Bulleting entries

H

Harimau

Hi there,

I am currently using Microsoft Office 2004 for Macintosh. I'm trying to use
Data Merge to create some mass letters. I have an excel spreadsheet as my
data source, with the usual contact, address, title columns... Then I also
have several boolean columns called "Report 1", "Report 2", "Report 3",
"Report 4". Each of these four columns have either 0 and 1.

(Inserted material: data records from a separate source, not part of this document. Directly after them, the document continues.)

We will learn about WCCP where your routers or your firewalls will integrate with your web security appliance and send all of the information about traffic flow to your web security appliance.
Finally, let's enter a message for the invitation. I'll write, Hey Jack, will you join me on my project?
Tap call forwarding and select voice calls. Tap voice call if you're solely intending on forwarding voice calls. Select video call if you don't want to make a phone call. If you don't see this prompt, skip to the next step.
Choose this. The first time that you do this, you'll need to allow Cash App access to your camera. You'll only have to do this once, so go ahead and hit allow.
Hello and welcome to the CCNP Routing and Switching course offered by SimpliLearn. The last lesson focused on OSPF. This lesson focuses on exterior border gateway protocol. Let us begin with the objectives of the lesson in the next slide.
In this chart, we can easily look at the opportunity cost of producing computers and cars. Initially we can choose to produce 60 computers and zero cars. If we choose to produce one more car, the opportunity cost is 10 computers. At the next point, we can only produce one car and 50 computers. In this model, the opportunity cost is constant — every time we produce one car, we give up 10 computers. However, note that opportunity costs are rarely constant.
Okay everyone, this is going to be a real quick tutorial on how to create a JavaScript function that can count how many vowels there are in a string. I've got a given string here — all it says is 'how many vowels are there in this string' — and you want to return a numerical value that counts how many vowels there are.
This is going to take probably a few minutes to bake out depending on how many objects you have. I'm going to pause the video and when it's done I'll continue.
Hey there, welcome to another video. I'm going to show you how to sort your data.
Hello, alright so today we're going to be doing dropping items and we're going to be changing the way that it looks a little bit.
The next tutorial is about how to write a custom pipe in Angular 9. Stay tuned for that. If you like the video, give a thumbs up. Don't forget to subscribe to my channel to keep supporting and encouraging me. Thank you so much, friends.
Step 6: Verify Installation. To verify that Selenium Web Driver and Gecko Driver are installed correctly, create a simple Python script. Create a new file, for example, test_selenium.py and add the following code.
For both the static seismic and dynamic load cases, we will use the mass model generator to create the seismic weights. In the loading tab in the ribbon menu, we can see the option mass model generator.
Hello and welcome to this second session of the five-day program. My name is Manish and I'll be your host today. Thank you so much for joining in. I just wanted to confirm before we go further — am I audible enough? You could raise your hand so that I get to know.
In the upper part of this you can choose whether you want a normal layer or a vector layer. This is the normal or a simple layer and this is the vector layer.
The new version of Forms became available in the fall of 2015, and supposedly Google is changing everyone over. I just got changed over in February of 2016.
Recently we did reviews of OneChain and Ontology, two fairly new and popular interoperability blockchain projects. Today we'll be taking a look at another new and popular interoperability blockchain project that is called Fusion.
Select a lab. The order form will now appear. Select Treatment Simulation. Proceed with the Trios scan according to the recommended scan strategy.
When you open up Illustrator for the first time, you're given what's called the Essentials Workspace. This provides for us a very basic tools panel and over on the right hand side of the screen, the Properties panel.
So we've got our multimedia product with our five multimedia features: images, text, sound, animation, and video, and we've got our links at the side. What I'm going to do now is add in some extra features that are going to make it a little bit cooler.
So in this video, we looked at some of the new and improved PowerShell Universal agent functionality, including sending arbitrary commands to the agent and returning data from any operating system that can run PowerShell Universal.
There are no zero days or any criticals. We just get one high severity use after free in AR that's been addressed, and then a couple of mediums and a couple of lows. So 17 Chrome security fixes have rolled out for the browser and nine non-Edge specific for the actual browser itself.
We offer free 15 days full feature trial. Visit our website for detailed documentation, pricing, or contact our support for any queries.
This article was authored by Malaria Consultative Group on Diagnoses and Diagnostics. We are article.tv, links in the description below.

What I want to do in the Document is that for each record, if the value in
"Record 1", say, is "1", then i want to insert "Report 1" in the document.
However, I also want that "Report 1" text to be bulleted. The reason is that
I want to create a bullet list for the reports that this client wants. So if
for a particular client has Report1 = 1, Report2=0, Report3=0, Report4=1 Then
i want some output like:

* Report 1
* Report 2

In the document.

Is there some sort of special code I can add to the "Insert text if true"
section when i'm using "If...Then...Else" word field when creating my merge?
Or is there a better way?

Sorry if I didn't articulate what i'm asking well enough, first time using
Mail Merge.

Thanks in advance,

Iwan J
 
D

Doug Robbins - Word MVP

An If...then...Else field construction is what you need to use. I can be
easier to construct them directly from the Keyboard (or just put some dummy
results, like A and B, or True and False if you use the Insert>Word command
facility. Then press Alt+F9 to display the field codes and modify the
results to be what you want. If you are doing it directly form the
keyboard, you must use Ctrl+F9 to insert the field delimiters. Either way,
with the field codes displayed, you would need to create something that
looks like the following

{ IF { MERGEFIELD Report 1 } = 1 ". Report 1" }

Note, the . in the above is not a bullet as inserted by the use of bullets
and numbering, but is a symbol, inserted by holding down the Alt key and
typing 0149 on the numeric keypad.

When you have your field constructions set up, use Alt+F9 to toggle of the
display of the field codes.

--
Hope this helps.

Please reply to the newsgroup unless you wish to avail yourself of my
services on a paid consulting basis.

Doug Robbins - Word MVP
 
P

Peter Jamieson

I don't think this will be easy to do in the "If Then Else" dialog box but
you should be able to do it by editing the fields directly in the document.
This is more difficult to describe for Mac Word compared to Windows Word,
simply because Mac OS X may have grabbed the keystrokes that Word normally
sets up to work with fields, so I suggest you have a look at Daiya
Mitchell's article at

http://word.mvps.org/mac/FieldsInMacWord.html

before going any further.

What you need is something like this:

{ IF "{ MERGEFIELD "Report 1" }" = "1" "
<bullet character><tab character>Report1" "" }{ IF "{ MERGEFIELD "Report
2" }" = "1" "
<bullet character><tab character>Report2" "" }{ IF "{ MERGEFIELD "Report
3" }" = "1" "
<bullet character><tab character>Report3" "" }{ IF "{ MERGEFIELD "Report
4" }" = "1" "
<bullet character><tab character>Report4" "" }

Where
a. each pair of {} needs to tbe the special field braces that you can
insert using the "Type field braces" keyboard shortcut - here, Command-F9
works OK
b. "Report 1", "Report 2", "Report 3" and "Report 4" need to be the field
names in your data source. If there are no spaces in the field names, you do
not need the quotes around the names.
c. <bullet character> is a suitable bullet character, for example one of
the ones in the Wingdings2 font
d. <tab character> is just a normal tab (i.e. you can enter it on the
keyboard)
e. you need to have an ordinary new paragraph character at the end of each
line, i.e. after "1" "
I have tried to show that here, but you may not see it correctly in your
newsreader. But the idea is that if the mergefield is 1, you insert a new
paragraph followed by the bullet, a tab, then "Report 1"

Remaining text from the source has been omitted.